Safe Bulkers, Inc. (NYSE:SB) recently reported pretty horrible third quarter numbers, with revenues coming in at 8% below last year’s numbers, and the company losing a staggering $7.5 million compared to last year’s net gain of $1.5 million.
Today, however, Safe Bulkers, Inc. (NYSE:SB) has announced a move that hopefully will change the company for the better, as they are initiating a share repurchase program that will be targeted toward series B, C, and D preferred shares. In order to make this happen, they have allotted $20 million to do so.
If all goes as planned, the move will save the company from having to liquidate and ultimately reduce the amount of outstanding shares by approximately 8%.

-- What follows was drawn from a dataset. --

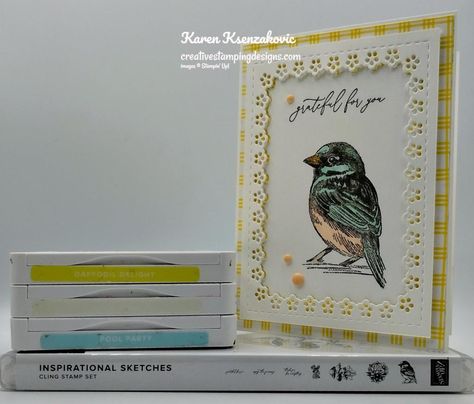 Inspirational Sketches, Global Design Project, Stampin Up Project, Merry Christmas Eve, Bee Mine, Bird Cards, April 2024, Card Tutorials, Fall Cards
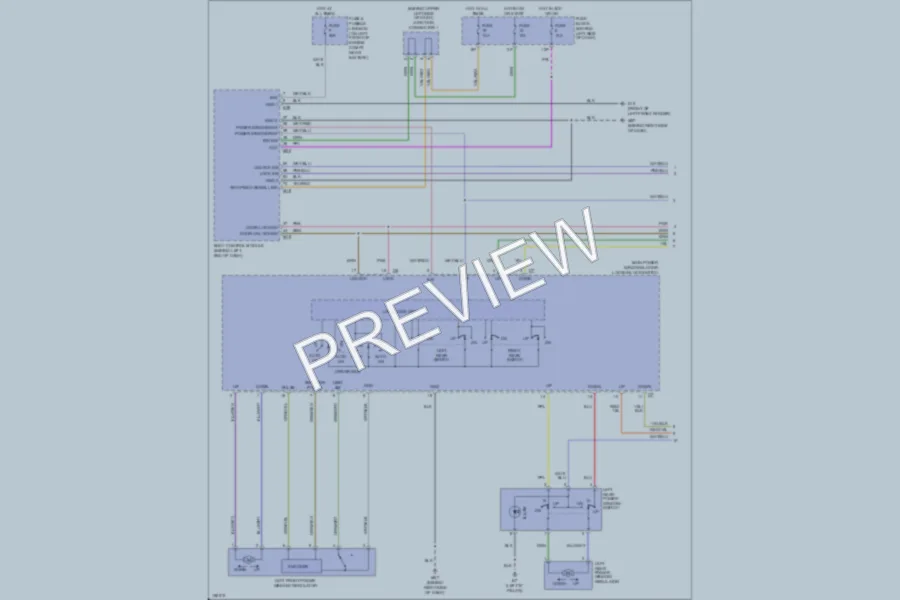 2002 Nissan Altima Power Windows wiring diagram preview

The stock is down 12.40% or $0.15 following the news, hitting $1.06 per share. Approximately 116,956 shares traded hands. SB shares have declined 66.11% since May 1, 2015 and are currently downtrending. It has underperformed the S&P500 by 63.32%.

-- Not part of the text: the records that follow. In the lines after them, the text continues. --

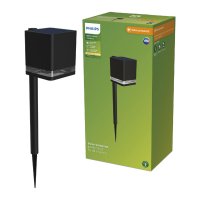 Philips Virona venkovn� sol�rn� sloupkov� LED sv�tidlo 1,8W 200lm 2700K IP44, �ern�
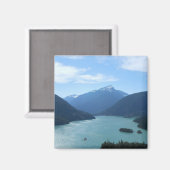 ディアブロレイクワシントン州自然写真 マグネット (正面/裏面)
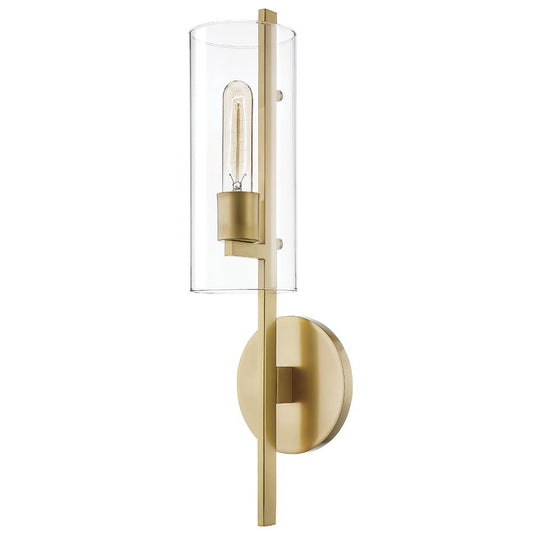 Ariel 1-Light Wall Sconce - Aged Brass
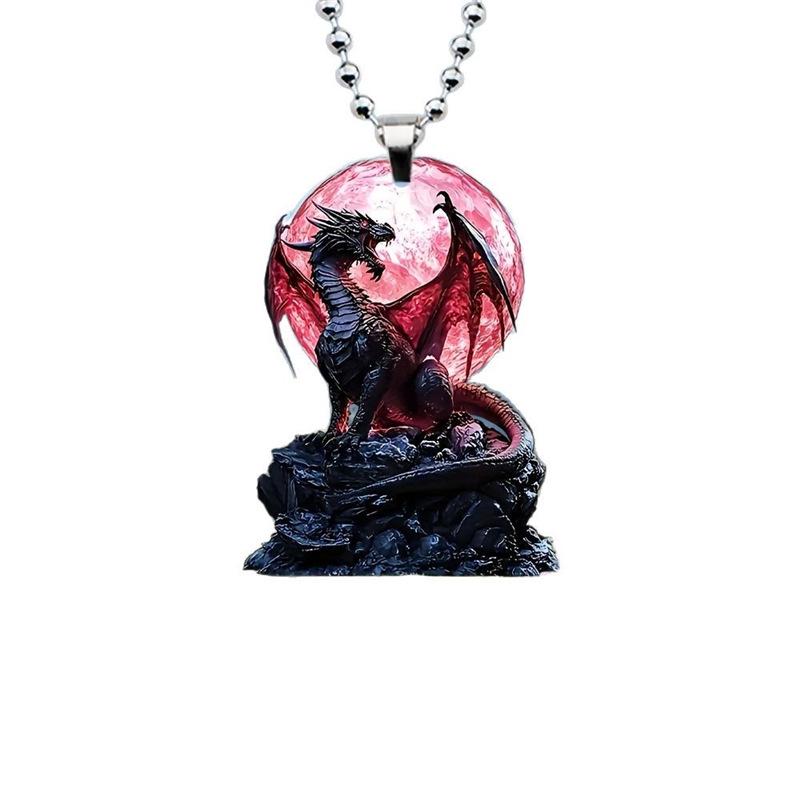 Acrylic Black Dragon Car & Home Pendant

Safe Bulkers, Inc. is a holding company. The company has a market cap of $100.07 million. The Company’s principal business is the acquisition, ownership and operation of drybulk vessels. It currently has negative earnings. The Firm is an international well-known provider of marine drybulk transportation services, transporting bulk cargoes, particularly coal, grain and iron ore, along worldwide shipping routes.